• **Problem to solve**:
Nothing outside the range is to be copied. From the entries below, reproduce exactly the lines starting at the one with "Candi Borobudur" and ending at the one with "Pictures of Retail", without pictures.

• **Material for this task**:

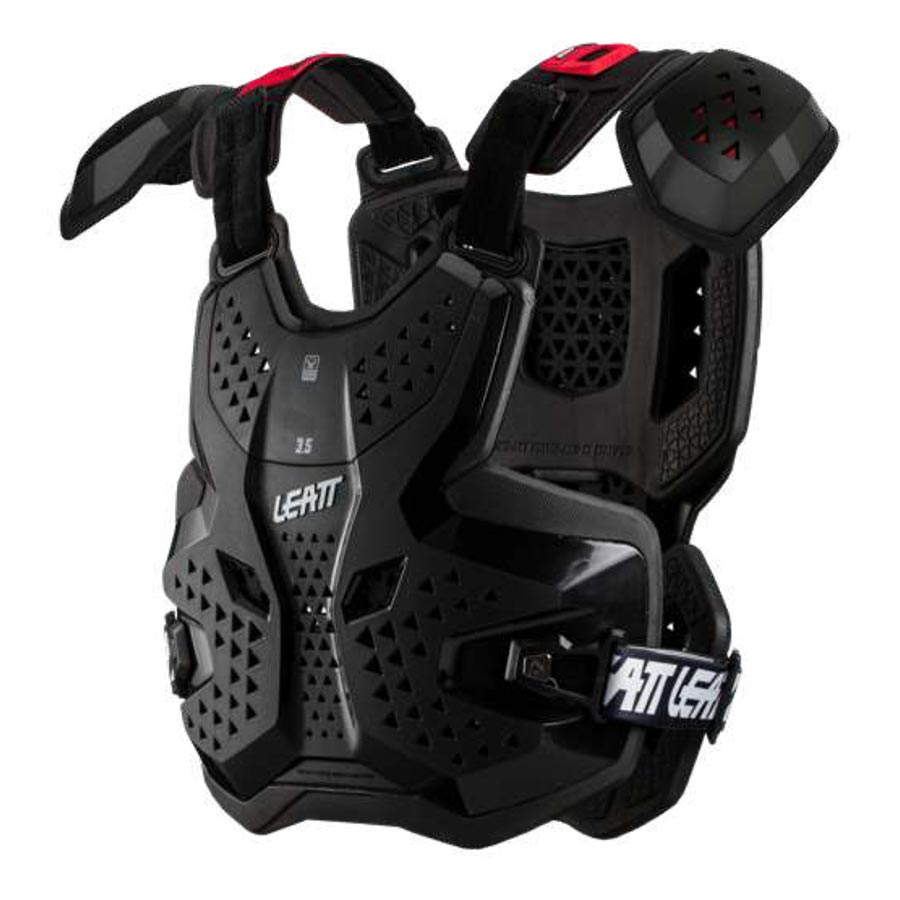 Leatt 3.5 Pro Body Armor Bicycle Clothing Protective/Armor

---

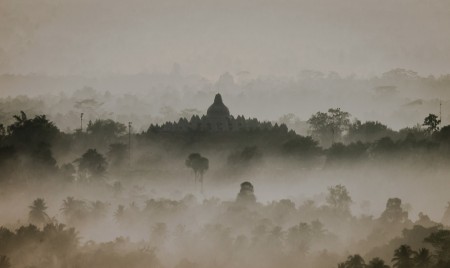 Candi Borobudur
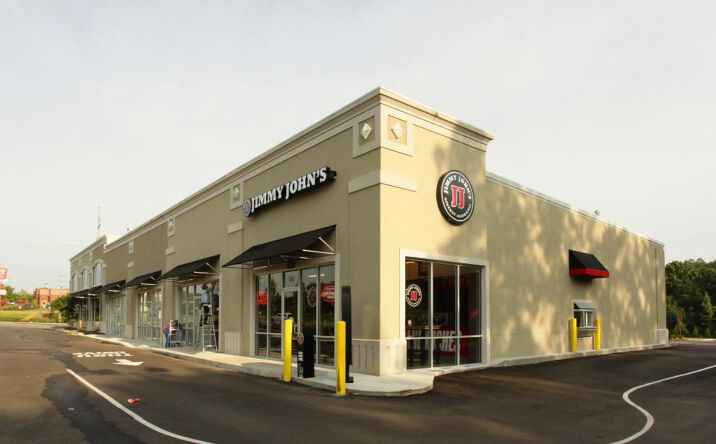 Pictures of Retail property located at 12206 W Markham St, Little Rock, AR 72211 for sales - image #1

• **Task response**:
 Candi Borobudur
 Pictures of Retail property located at 12206 W Markham St, Little Rock, AR 72211 for sales - image #1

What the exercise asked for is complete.